_About this exercise_
Your answer should hold only the lines from the start of the data below through the line with "Homem sofre acidente", copied exactly, with pictures left out.

[Crawled caption data]
####################
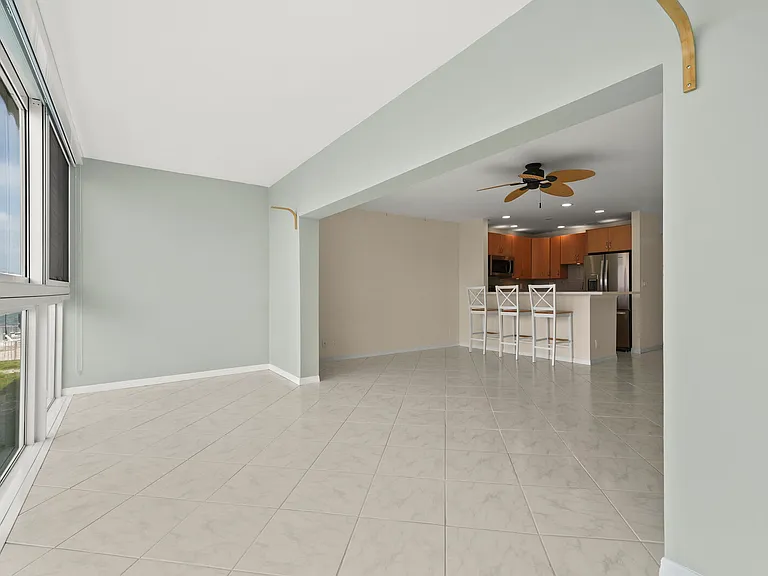 400 Wilma Cir #207-1 — Photo 19
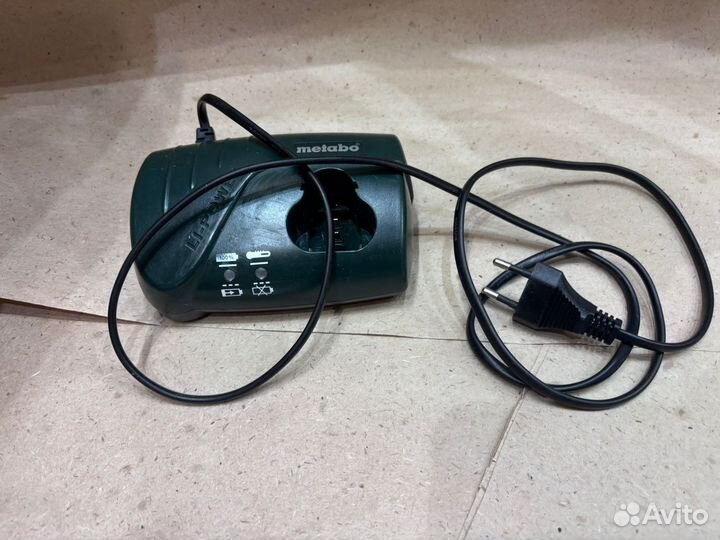 Запчасти на шуруповерт Metabo инструмент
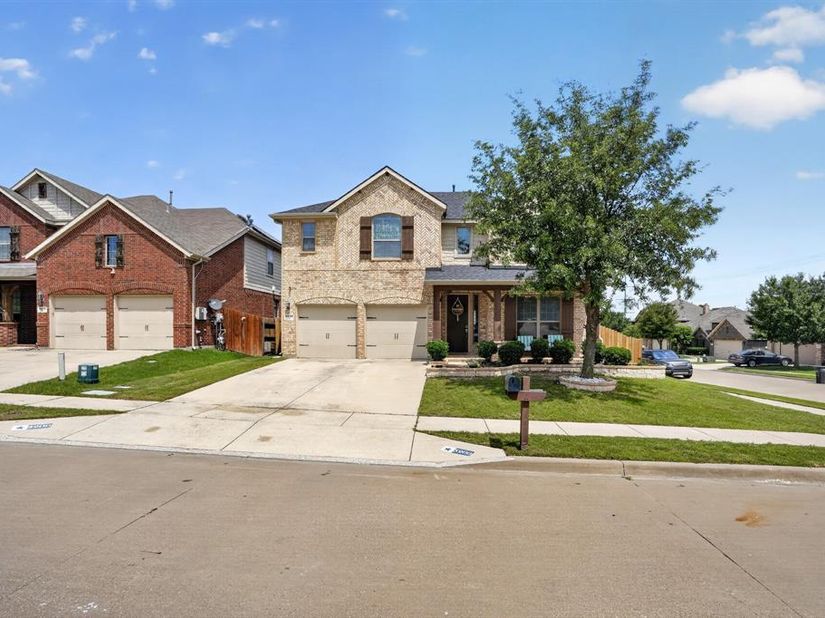 5900  Paddlefish Drive , Fort Worth Texas 76179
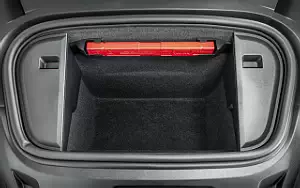   Porsche Taycan (Ice Grey Metallic) - 2021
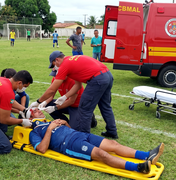 Homem sofre acidente durante partida de futebol em Arapiraca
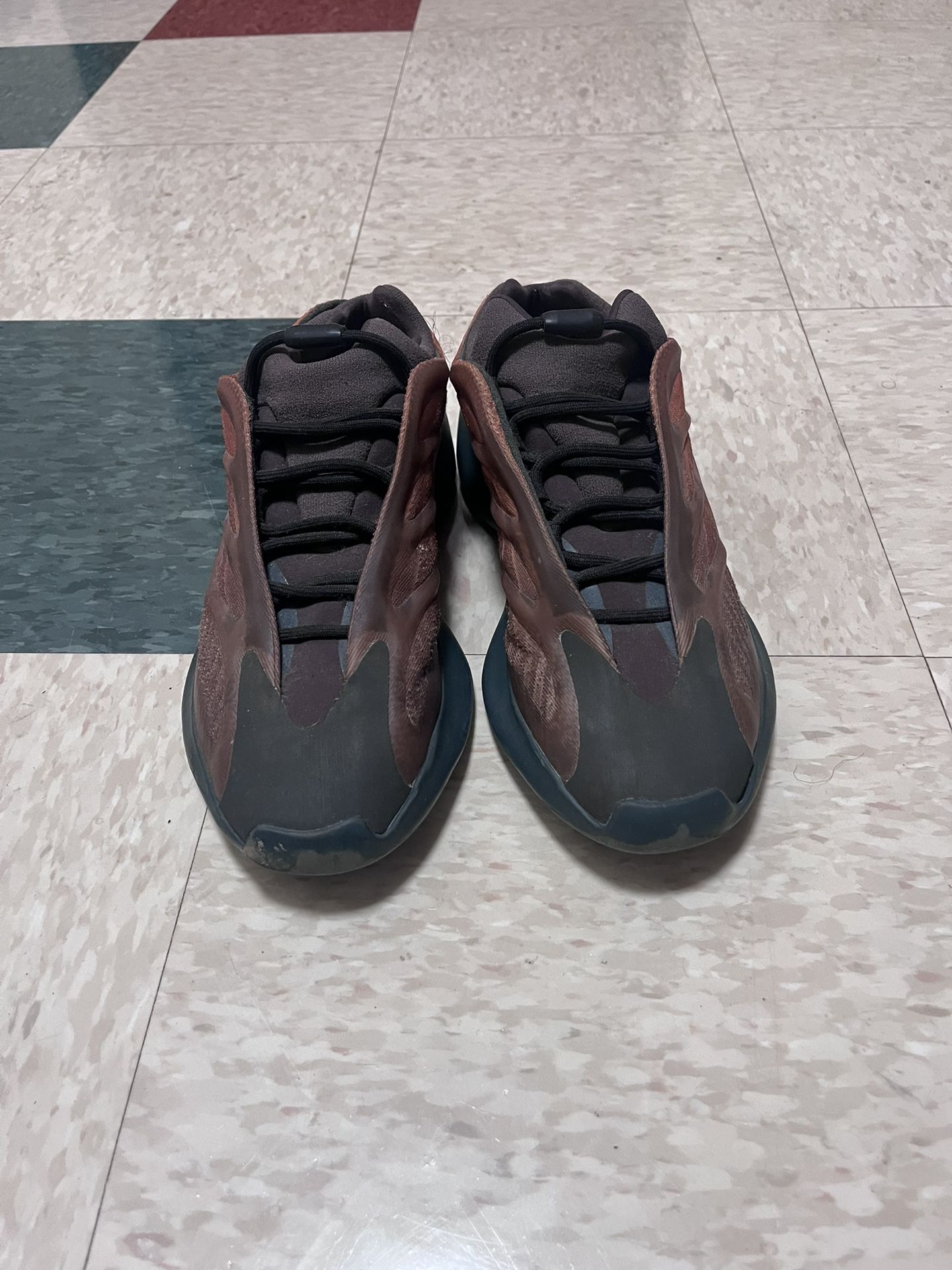 2021 Adidas Yeezy 700 V3 'Copper Fade'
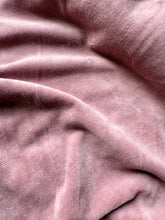 Load image into Gallery viewer, Softest Nicky Velours - Dollbelge Selection - 10 Euro/M
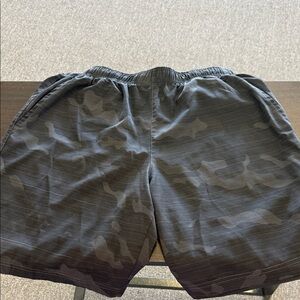 RBX Men's Dark Gray Black Camo Athletic Shorts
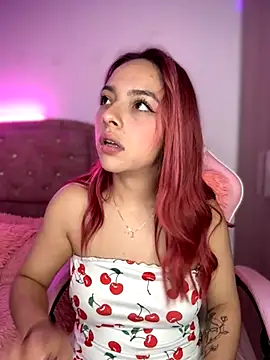 Snapshot of YovngBaby chatting on November 2, 2025, 4:26 am YovngBaby online show from November 2, 2025, 4:26 am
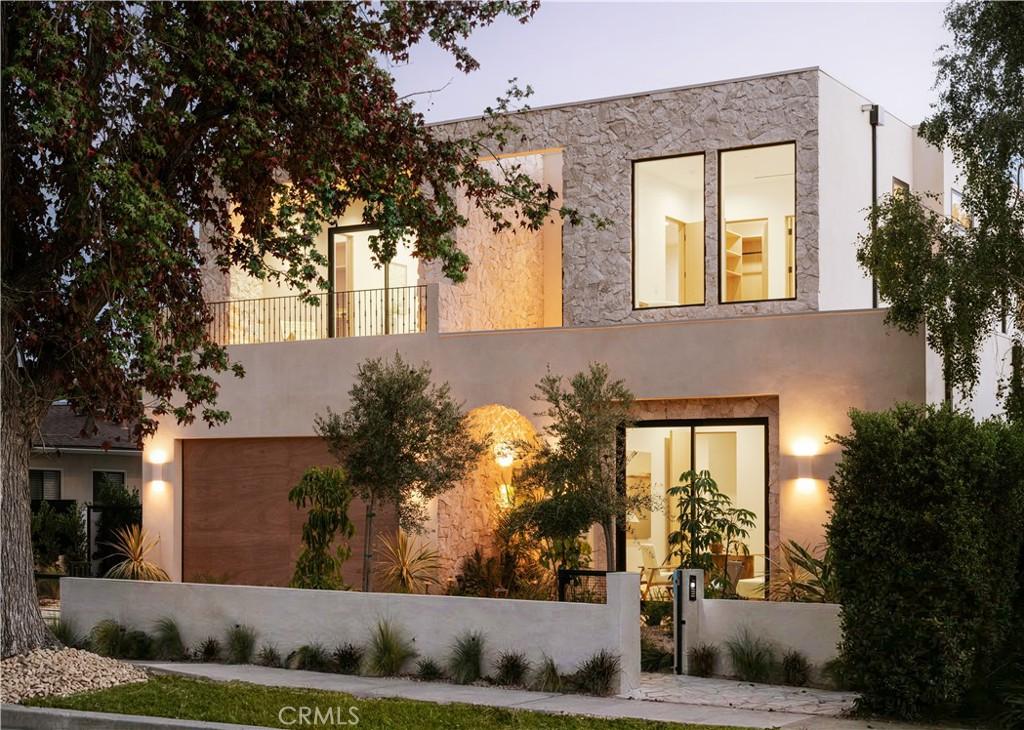 14032 Hartsook Sherman Oaks CA 91423 | MLS #GD26057171 41 MLS #GD26057171 image #0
####################
_Task answer_
 400 Wilma Cir #207-1 — Photo 19
 Запчасти на шуруповерт Metabo инструмент
 5900  Paddlefish Drive , Fort Worth Texas 76179
   Porsche Taycan (Ice Grey Metallic) - 2021
 Homem sofre acidente durante partida de futebol em Arapiraca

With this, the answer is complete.